На екатеринбургском перроне падал снежок, засыпая ясный морозный полдень, предновогоднюю суету, багаж, улыбки и прощальные поцелуи.

— Давайте ваш билет.

Моложавая напомаженная проводница возвестила посадку.

2

… И качается, и мается, и рвется вперед вагон, обреченный двигаться по заданному пути — две стальные путеводные нити, ведущие в неизвестность, притягивают и держат, не дают оторваться в иной простор — шальной, вольный, и промчаться над заснеженным полем, и пересечь кособокий наст тихого сельского проселка, и взлететь, и провалиться в упругую хвойную зелень… и притаиться там. Отдышаться, затихнуть в тайной детской радости недозволенного побега.

… И горит, и колышется, сбивается с ритма Надино сердце — она заметалась по вагону и, позабыв о приличиях, дергала двери купе, заглядывая внутрь. С исчезновением Лариона душа её словно бы воспламенилась и, закричав в этом пламени резкой боли, так и застыла, занемела, словно бы звук набата длился в ней, не угасая, не прерываясь мерной чередой ударов, это замерло в Надином сердце смятение.

И дело было даже не столько в пропаже кота! Надя чутьем угадывала жизнь споткнулась, что-то в ней ухнуло в липкую вязкую бездну, которая просто так, без выкупа не отпустит… И может быть сама жизнь её станет той платой, которая окажется залогом освобождения.

И позволять себе думать так, дать волю недобрым предчувствиям было глупо, бездарно, безосновательно. Но она знала — все будет именно так! Жизнь её сошла с круга. И пытаться убеждать себя в чем-то ином — все равно что пытаться сыграть спектакль в декорациях, которые рабочие уже убрали со сцены.

Да, да, — прервав на миг свой бег по вагону, подумала она, — не надо было мне соглашаться на эту поездку — знала ведь, что нехорошее что-то рядом. И картина со стены вдруг упала перед самым отъездом, и этот странный звук полуночный… нет, не в полуночи, а где-то около часу… Будто кто-то хрипит и булькает. Под потолком в углу. Дня три или четыре подряд — не помню. Никогда ничего подобного не слыхала! Я тогда ещё подумала: ох, как же это нехорошо, ох, Надька!
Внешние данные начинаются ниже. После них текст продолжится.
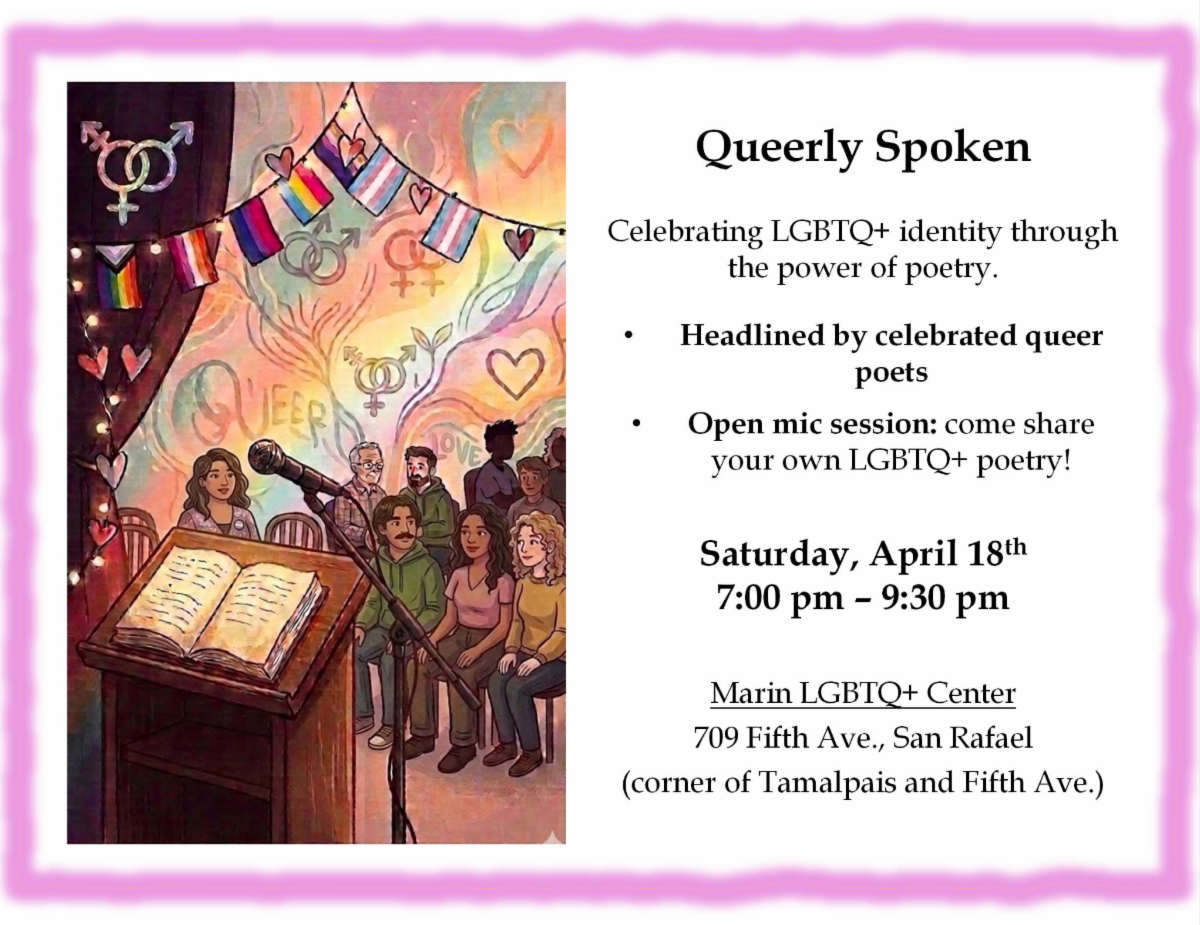 Illustration of an LGBTQ+ poetry reading event with people sitting and standing on a decorated stage, rainbow flags, and symbolic LGBTQ+ icons with a pink border surrounding the event details about Queerly Spoken poetry night at Marin LGBTQ+ Center on April 18th from 7 to 9:30 pm.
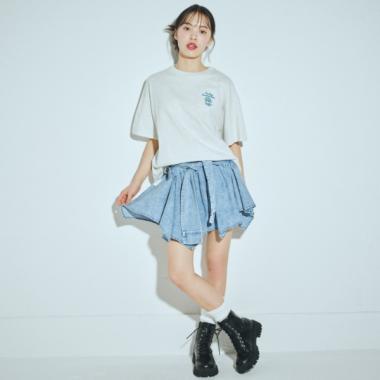 【LTXC】腰帶風牛仔裙褲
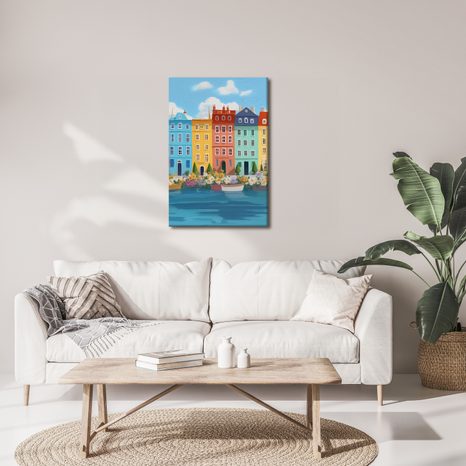 OBRAZ PASTELOVÉ MĚSTO S LODĚMI - BAREVNÉ DOMY - OBRAZY
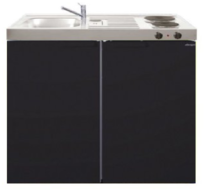 MK 100 Zwart mat met koelkast RAI-9527 afbeelding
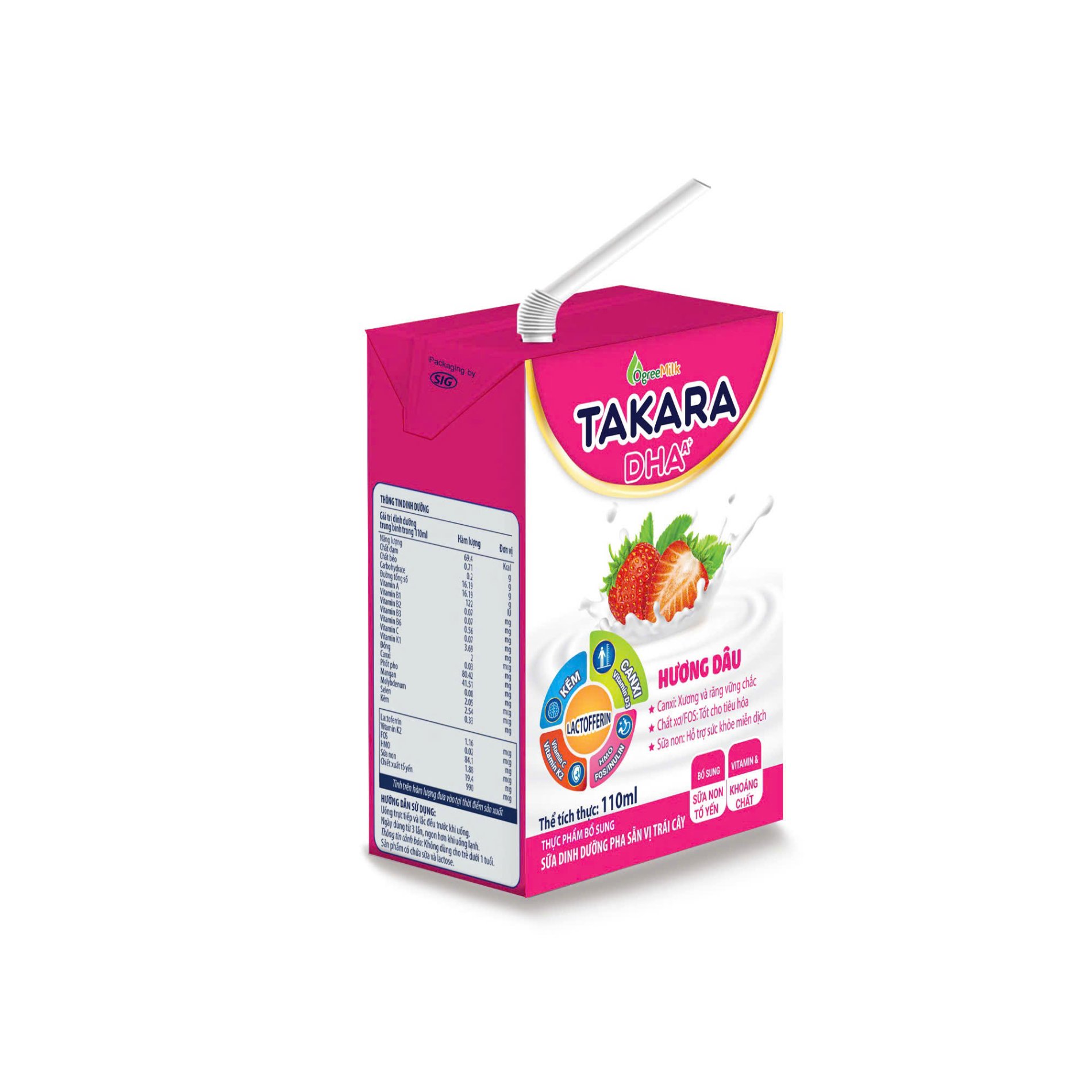 SỮA PHA SẴN TAKARA DHA IQ Grow hương Dâu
А теперь уж ясно — кажется мы с тобой влипли. Что поделаешь, попробуем со всем разобраться. Только нельзя спешить, нельзя! А вот ждать и терпеть ты, милая, как раз не умеешь. Ну, хватит канючить, надо Лариона спасать.

3

— Маковая соломка… — севшим голосом простонала Надя, глядя под ноги.

На полу под лавкой валялись окурки, обгоревшие спички, а между ними лениво перекатывалась пустая бутылка водки.

— То есть? — она вопросительно взглянула на Алексея.

— Сырье для производства наркотиков, — заключил тот, с тревогой глядя на нее. — Откуда это у вас?

— Это Ларион…

4

Сизая, потертая, заезженная Москва как-то вяло и неохотно проплывала за окнами. Надя стояла в узком проходе перед тамбуром и глядела в окно шел дождь. Со снегом. И желанная Москва походила на набухшую размокшую картонную коробку.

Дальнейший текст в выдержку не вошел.